In either case, expect the difference to be small.
 
frenchyge said:
By spinning the trainer faster it will have more inertia without modification.

Be careful! Inertia does not vary with speed. Only the energy stored in the flywheel does.

I think you might run out of gears with current trainers before you reach "realism".

Check out the "BT Training System" Has a nice big fan in it which should double as something of a flywheel (though how much I have no idea).
 
tafi said:
Be careful! Inertia does not vary with speed. Only the energy stored in the flywheel does.

Touche`. Probably not the right word, although the principle still fits. Having a higher speed (more energy) and lower frictional force (less energy drain) does reduce the tendency for the wheel to slow down and produces an inertial effect. Inertial loading is a term I've heard to describe the difference in pedalling feel associated with either greater flywheel mass *or* use of higher gearing/lower resistance to increase wheel speed at constant power.




tafi said:
I think you might run out of gears with current trainers before you reach "realism".
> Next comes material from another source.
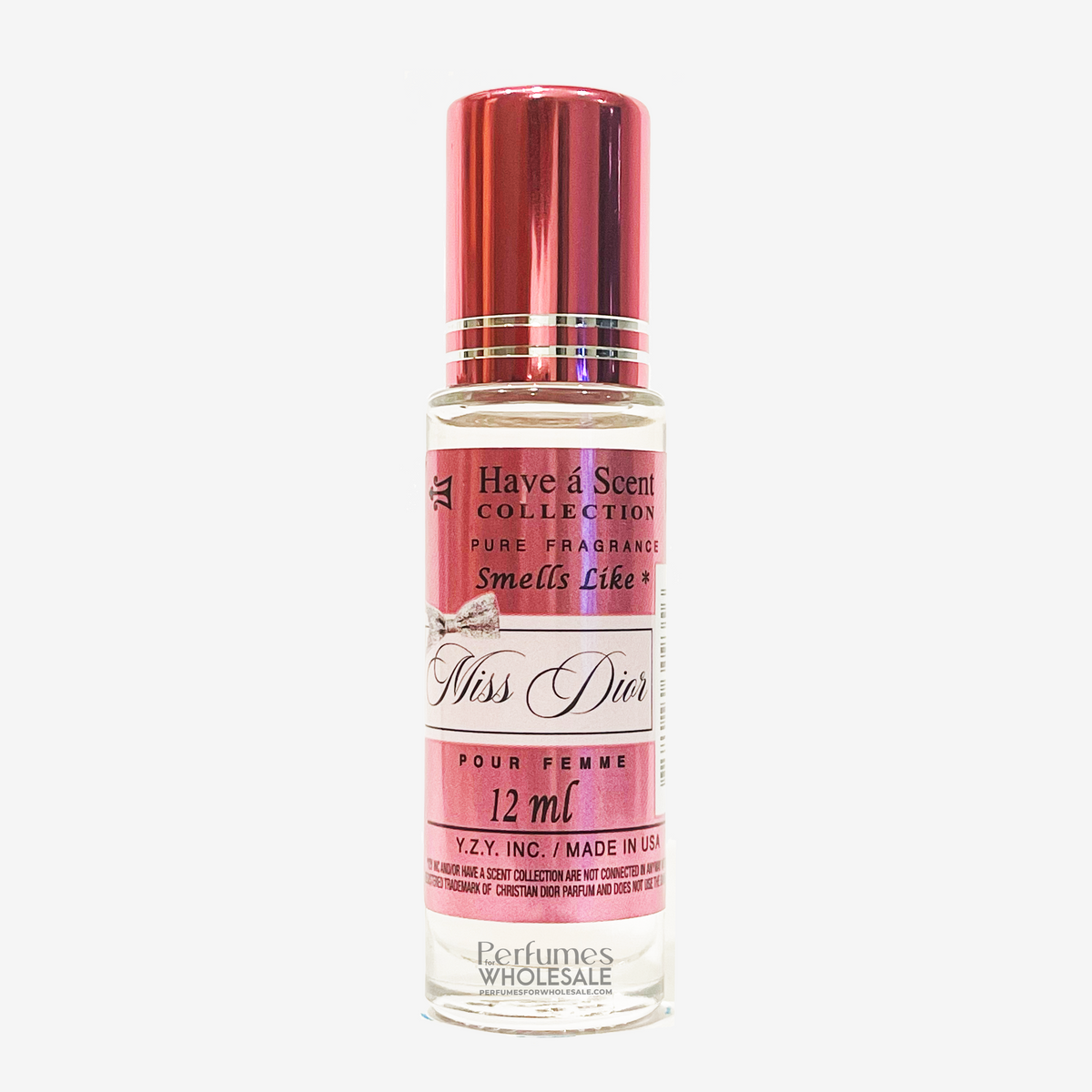 Have a Scent Pure Fragrance Smells Like "Miss Dior" Pour Femme Roll On Oils 12ml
Definitely, but it's worth pushing as far as possible before buying a new trainer or adding lead to the wheel. :)
 
You could try pumping the tube / tire full of water to add a bit of weight. If you keep the valve stem at the highest point you can vent out the air as you add water. That could add almost 1 KG of weight depending on your tire size.

The challenge would be filling up the tube.
 
Having now looked at the Kurt website, the separable flywheels on the "PRO" resistance unit look interesting.

Can anyone tell me what the dimensions of the flywheel parts are?

It looks like the small "6lb" one is a solid disk (I'd need the thickness and diameter of this) and the larger "12lb" flywheel has a recess to fit the smaller one inside (I'd need the width and diamter of the flywheel and the depth and diameter of the recess).

Then it's easy to determine the moment of inertia.